Hirose News|September 3, 2012 10:11 AM

FX Weekly Update

<Dollar/Yen>

 

 

Bernanke indicated that progress in reducing US unemployment was too slow and the Fed would act as required to strengthen the economic recovery; this led to investor expectations for QE3 and reacted by selling the USD/JPY. However, as the details of QE3 haven't been mentioned at all, the pair closed at 78.39 last week. The words "would act as needed" means it is always possible to implement QE3 no matter how good the economic indexes, but that is a hackneyed expression.

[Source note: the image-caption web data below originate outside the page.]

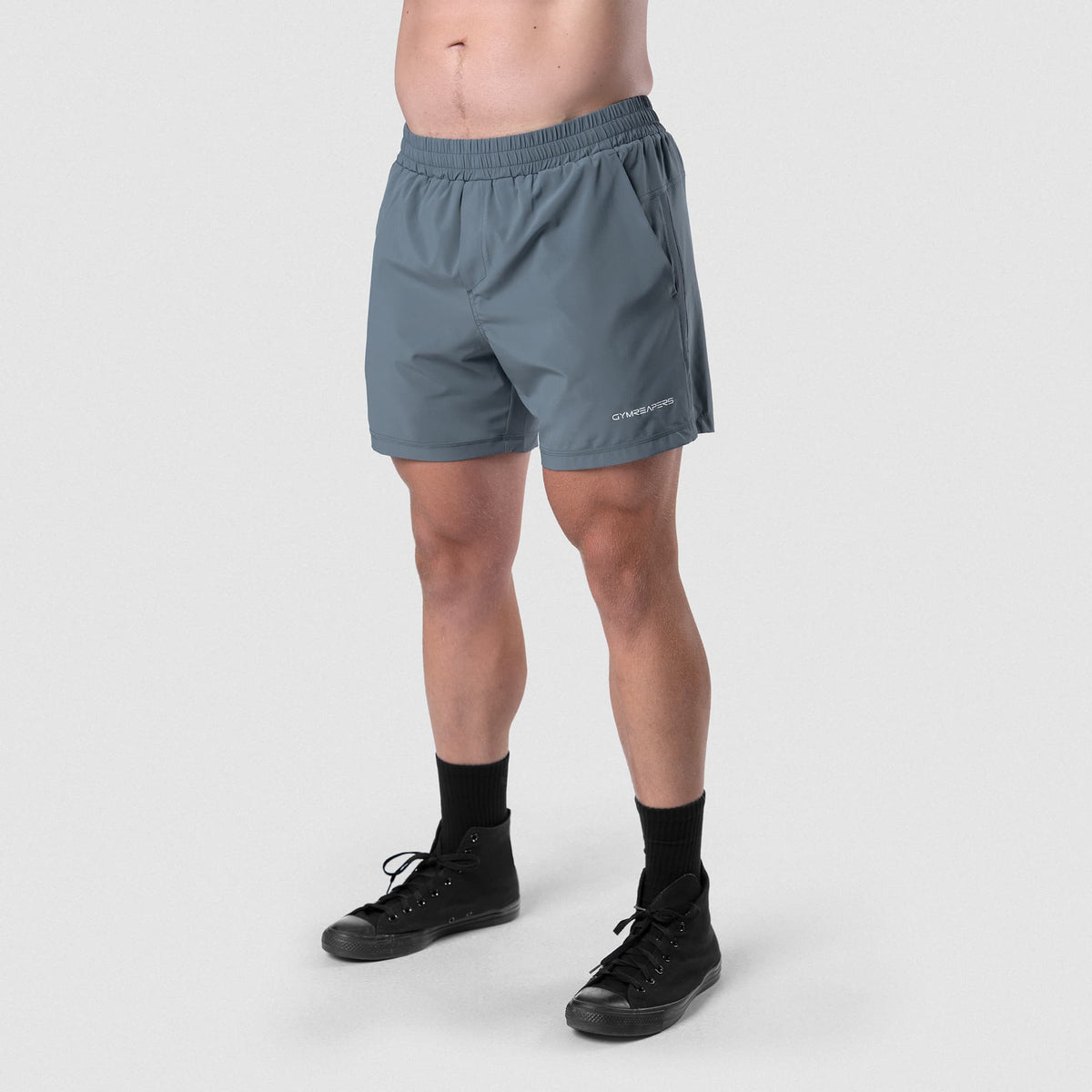 Male model wearing the Axis 6" Lined Shorts - Lake lower-body view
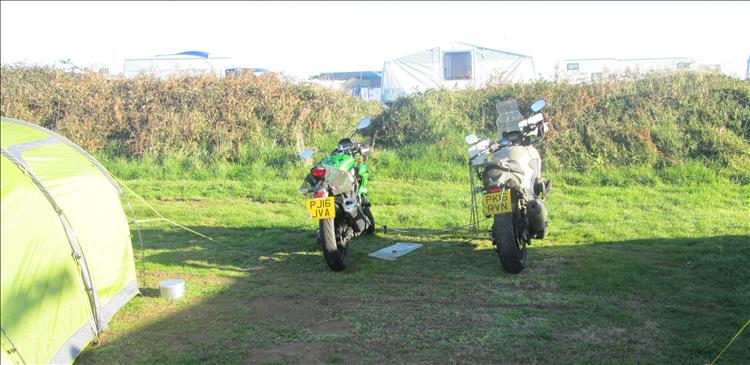 2 motorcycles and a tent in the low morning sun at Shell Island's campsite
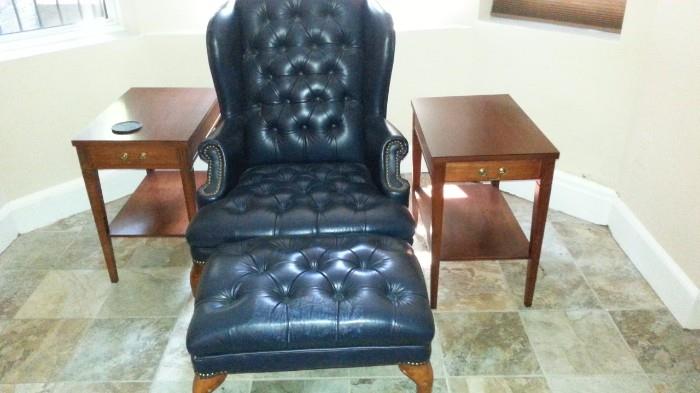 Leather tufted wing chair, nail head details, ottoman, pair of mahogany side tables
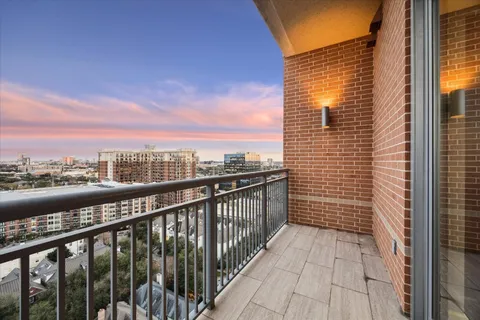 a view of a balcony with city view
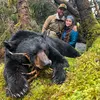 Kyle Wilkinson, his wife Emily, and his spring black bear after a successful hunt near Cordova recently. Kyle Wilkinson/For the Frontiersman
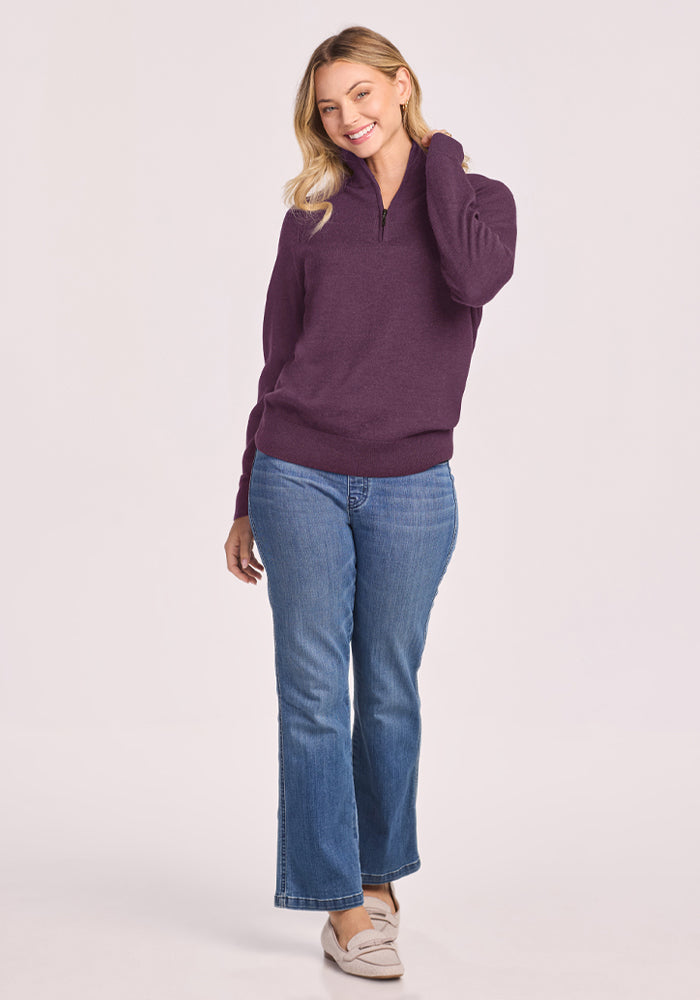 Woman in Woolx Collins Half Zip Sweater - Purple Iris and jeans touches her hair against a plain background.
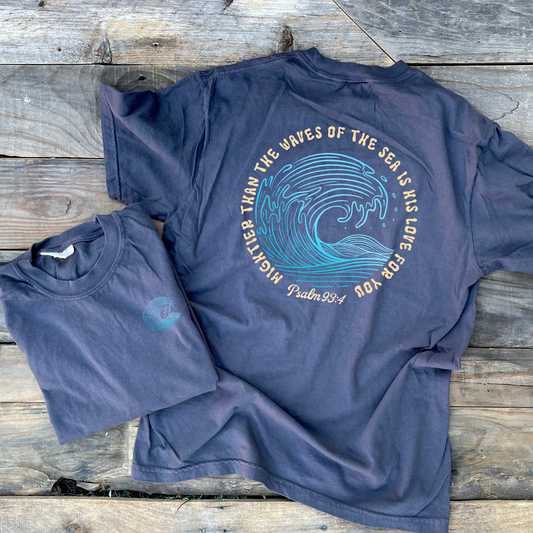A gray t-shirt is laid flat on a rustic wooden plank surface, showing the back of the shirt with a large graphic of a blue ocean wave and the text 'MIGHTIER THAN THE WAVES OF THE SEA IS LOVE FOR YOU Psalm 104:4'. A smaller folded view of the front or inner side is placed at the lower left.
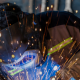 A person wearing a welding helmet works on a project, surrounded by bright flying sparks.
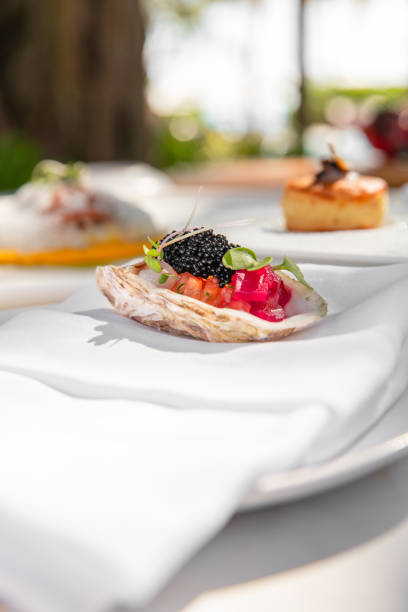 istock Michelin Fine dining restaurant Appetizers tasting menu at elegant gourmet table plates with puff pastries, caviar oyster, herb leaves and flavour gels 2180442504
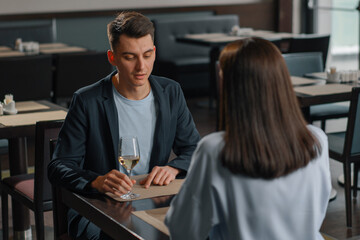 A date in a hotel restaurant, a man and a woman drink white wine in glasses the face of a serious man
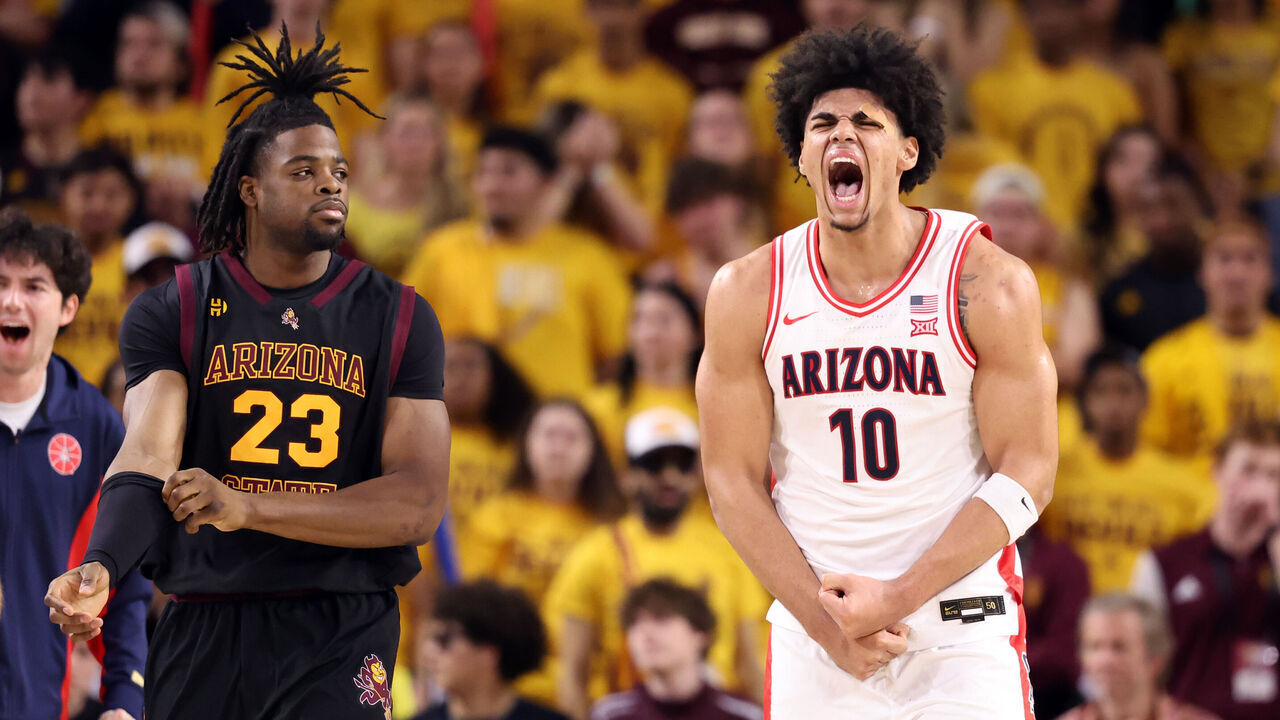 TEMPE, ARIZONA - JANUARY 31: Koa Peat #10 of the Arizona Wildcats reacts in front of Allen Mukeba #23 of the Arizona State Sun Devils after a dunk during the second half at Desert Financial Arena on January 31, 2026 in Tempe, Arizona.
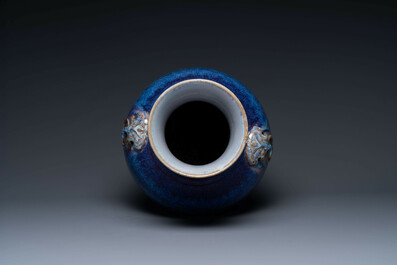 A large Chinese flamb&eacute; glaze 'hu' vase with Taotie handles, Qing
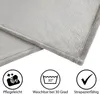 Close-up of a gray blanket with icons and text indicating care instructions. Produktbild-Vorschau
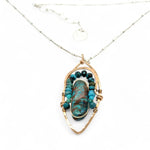 Bronze marquise pendant with a smooth chrysocolla drop nugget outlined in turquoise faceted gemstones on a sterling silver chain necklace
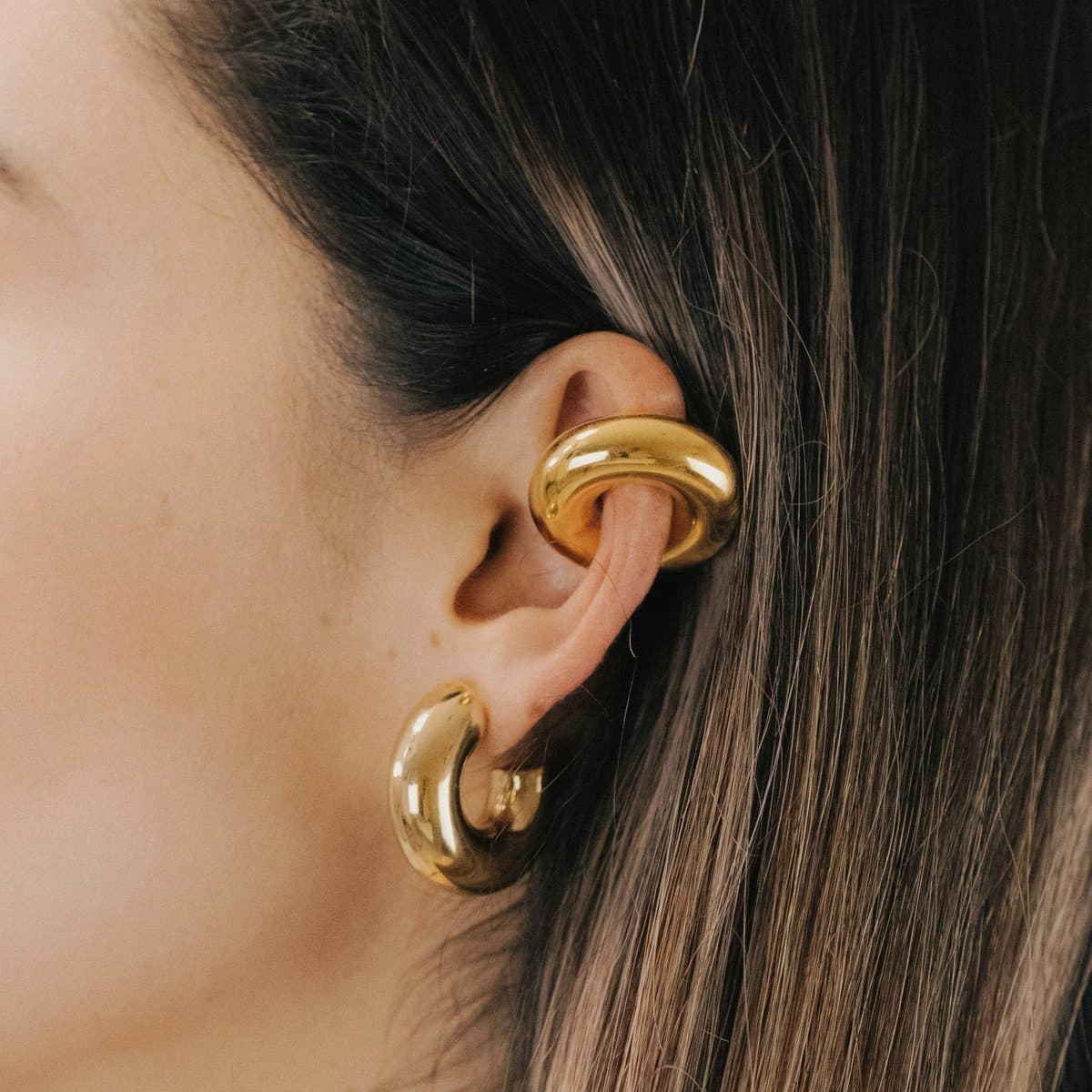 Argollas gruesas doradas y ear cuff en la oreja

Therefore, it may be unlikely that QE3 will be implemented immediately as economic indexes are not going down.

 

 

Expected Range: 77.80-79.20   Buy the dollar on rallies

 

 

<Euro/Dollar>

 

 

Ben Bernanke's speech to the Federal Reserve Board led to a fall in the dollar to 1.2637 against the euro, but Greek the problem remains an obstacle. "Chance of euro zone collapse is 50-50" said the Slovak PM (that's confidence for you!!). Buying the euro is becoming risky, and it is better to take profit ASAP. There is still a significant amount of net short Euro positions in the market, but from a technical point it looks like a positive trend is appearing, and may have futher to climb; it broke the high limit of daily Ichimoku cloud, and is trying to break through 90 days MA.